[Stored data]
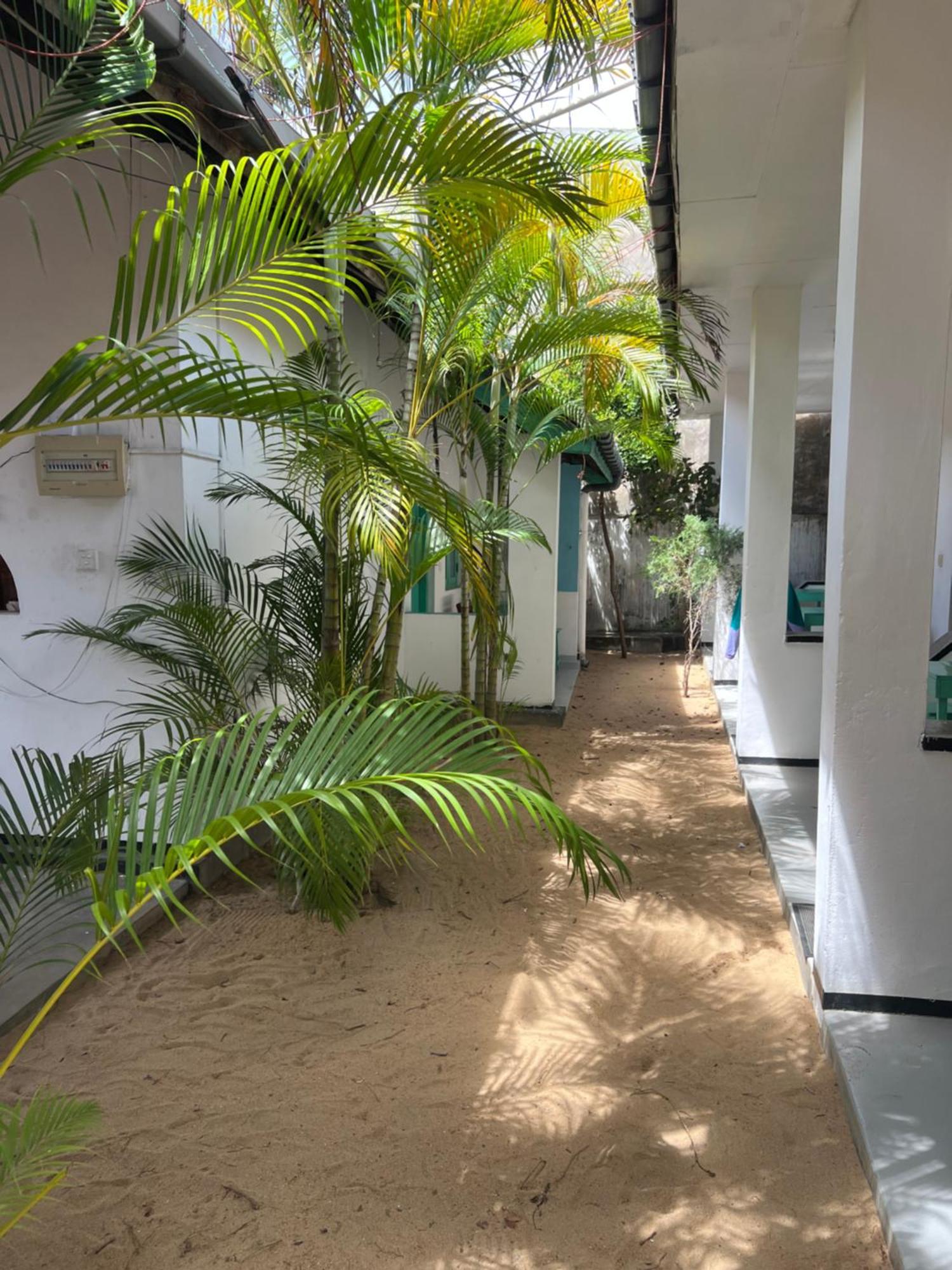 Moxy Bay Arugambay Hotel Arugam Bay Kültér fotó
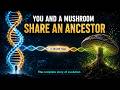 How Evolution Actually Works (It's Not What You Think)
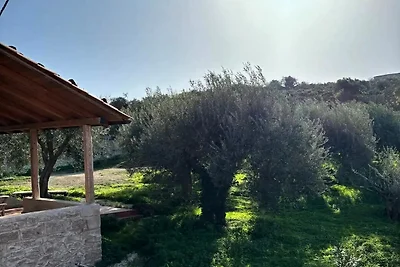 Case su una collina circondata da ulivi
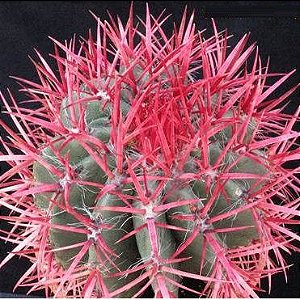 Sementes de Ferocactus acanthodes 'Cactos Barril de Fogo' (10 sementes)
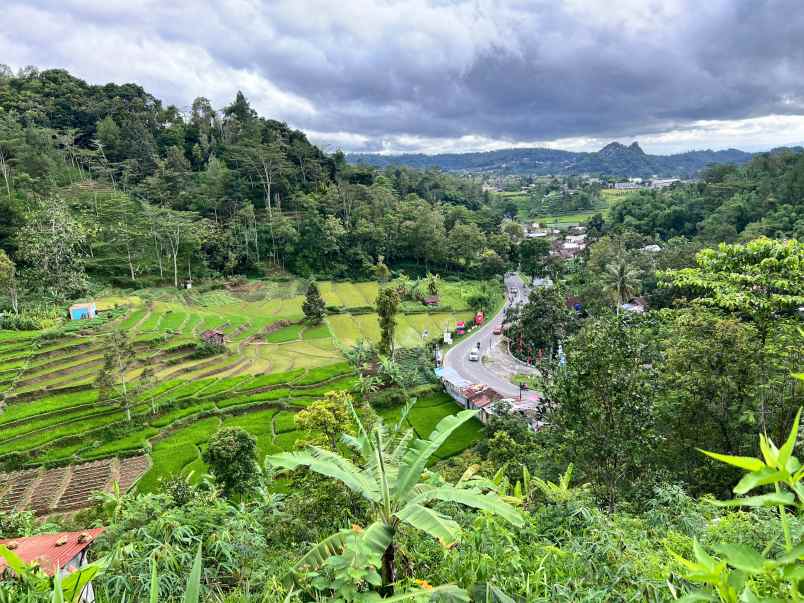 tanah strategis tepi jl raya tawangmangu karanganyar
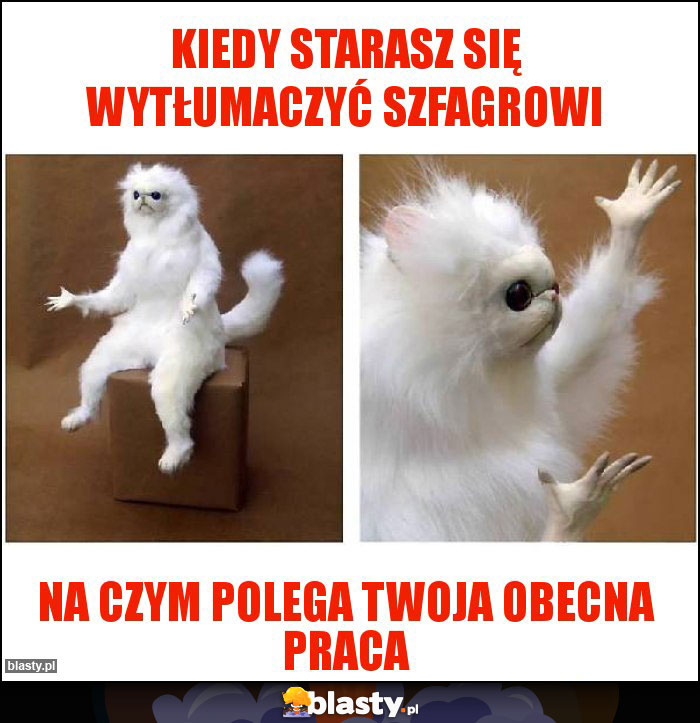 Kiedy starasz się wytłumaczyć szfagrowi
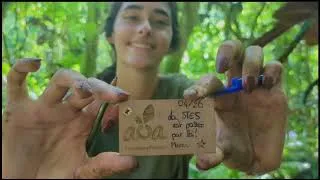 Miniature : Restaurer la forêt polynésienne : le projet des étudiants STES de l’UPF avec AOA Polynesian Forest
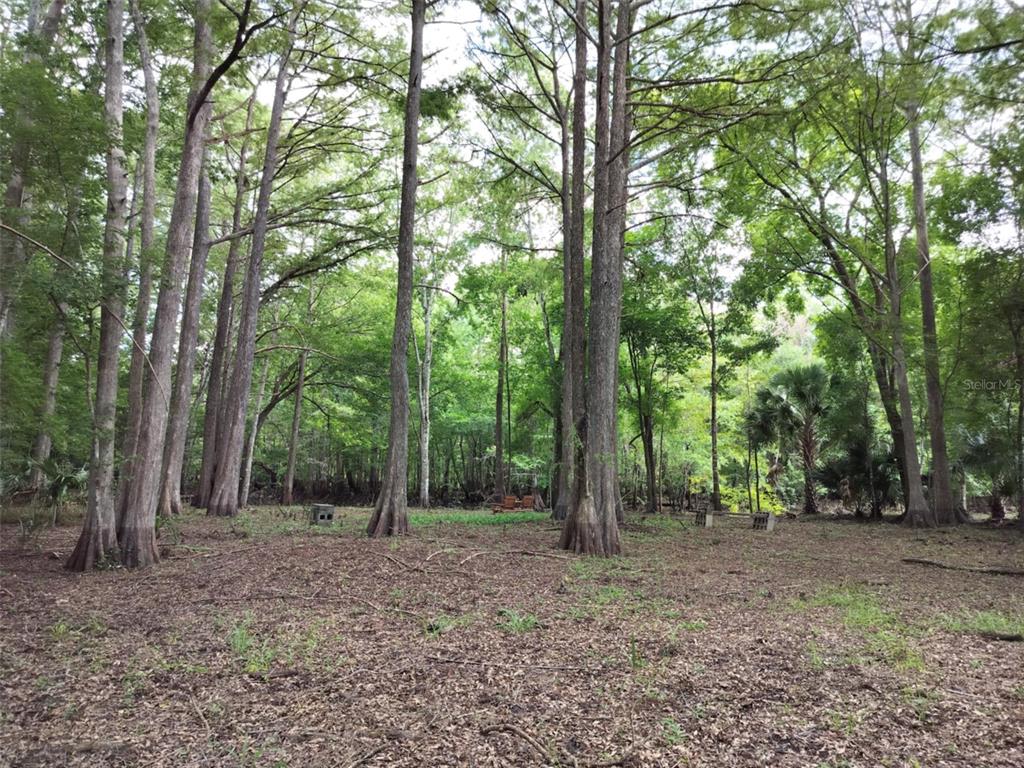 A wooded area with tall cypress trees and a small wooden bench in the distance — 523 S TUCK POINT, INVERNESS, FL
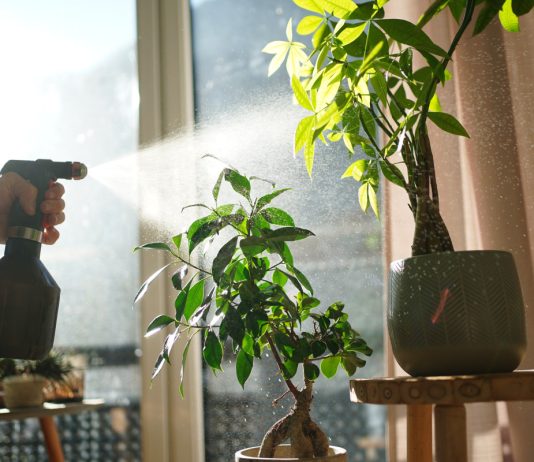 Чем так полезна янтарная кислота для комнатных растений? - Комнатные растения Чем так полезна янтарная кислота для комнатных растений?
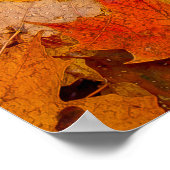 Kleurrijk tapijt, Ontario, Canada Poster (Hoek)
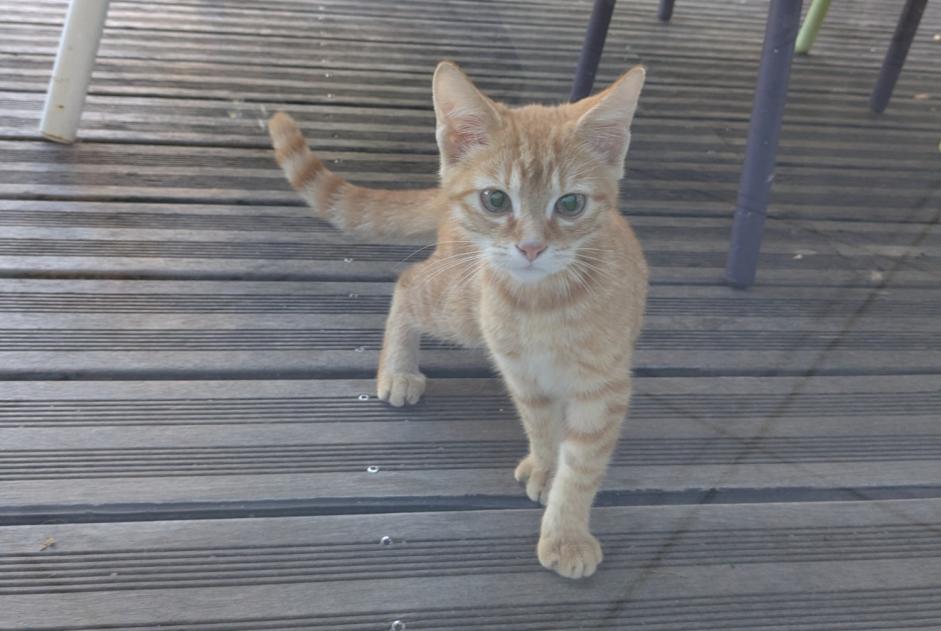 Alerta descoberta Gato cruzamento Desconhecido Cholet França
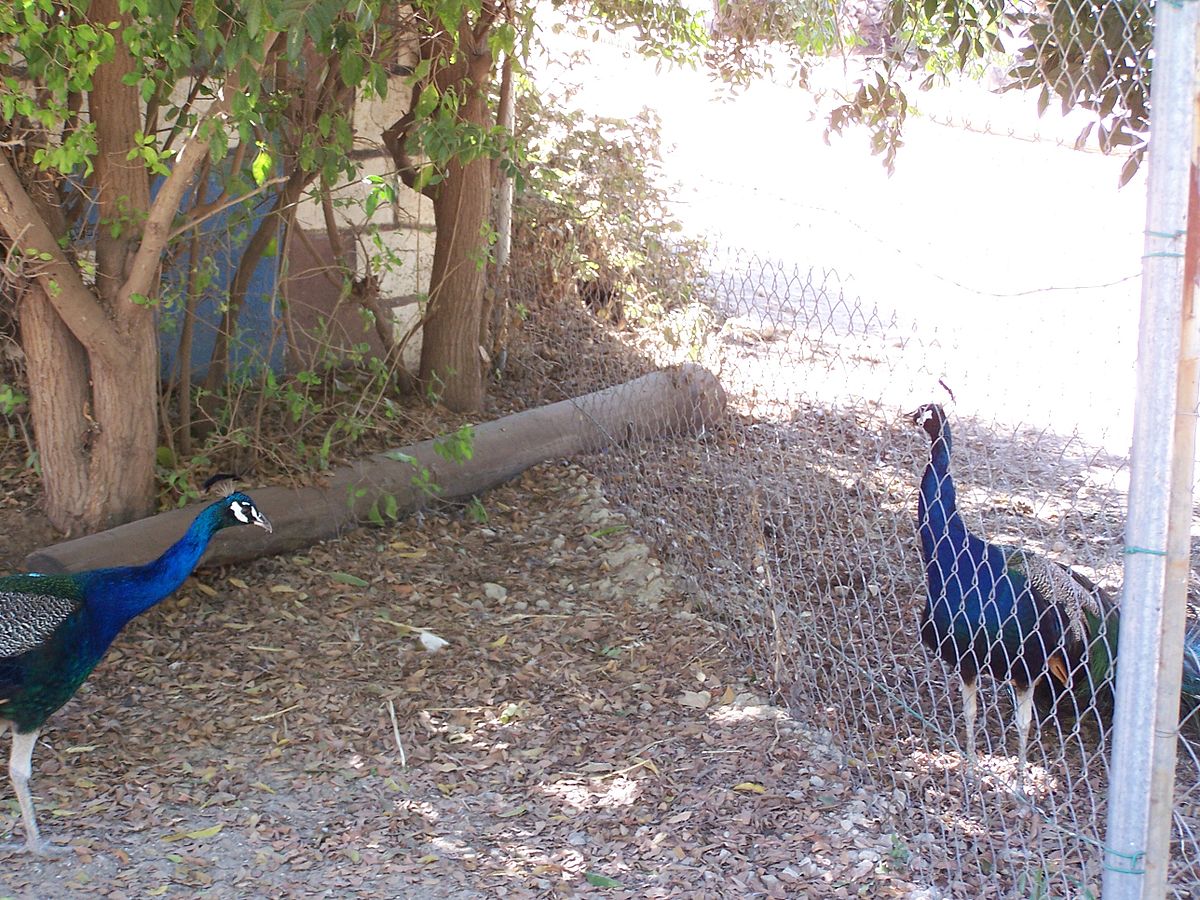 File:Ghi, pettingzoo (escaped peacock meets school pecock!)3.jpg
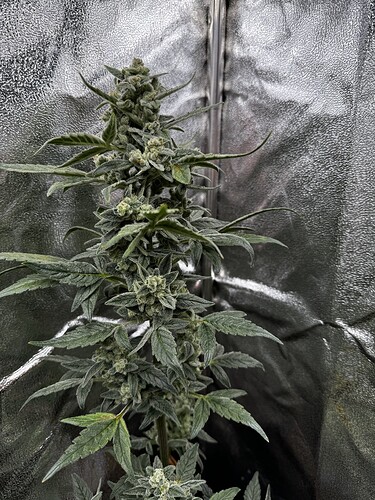 20240609_101956337_iOS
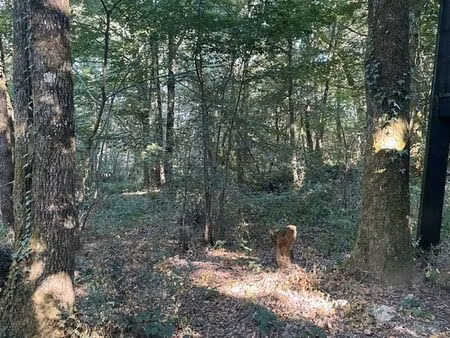 forêt avec cabane à restaurer à vendre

## EXERCISE DIRECTIONS
Go to the line above holding "tanah strategis tepi", then copy exactly each line down to and including the one holding "20240609_101956337_iOS", leaving pictures out.

## EXERCISE RESULT
 tanah strategis tepi jl raya tawangmangu karanganyar
 Kiedy starasz się wytłumaczyć szfagrowi
 Miniature : Restaurer la forêt polynésienne : le projet des étudiants STES de l’UPF avec AOA Polynesian Forest
 A wooded area with tall cypress trees and a small wooden bench in the distance — 523 S TUCK POINT, INVERNESS, FL
 Чем так полезна янтарная кислота для комнатных растений? - Комнатные растения Чем так полезна янтарная кислота для комнатных растений?
 Kleurrijk tapijt, Ontario, Canada Poster (Hoek)
 Alerta descoberta Gato cruzamento Desconhecido Cholet França
 File:Ghi, pettingzoo (escaped peacock meets school pecock!)3.jpg
 20240609_101956337_iOS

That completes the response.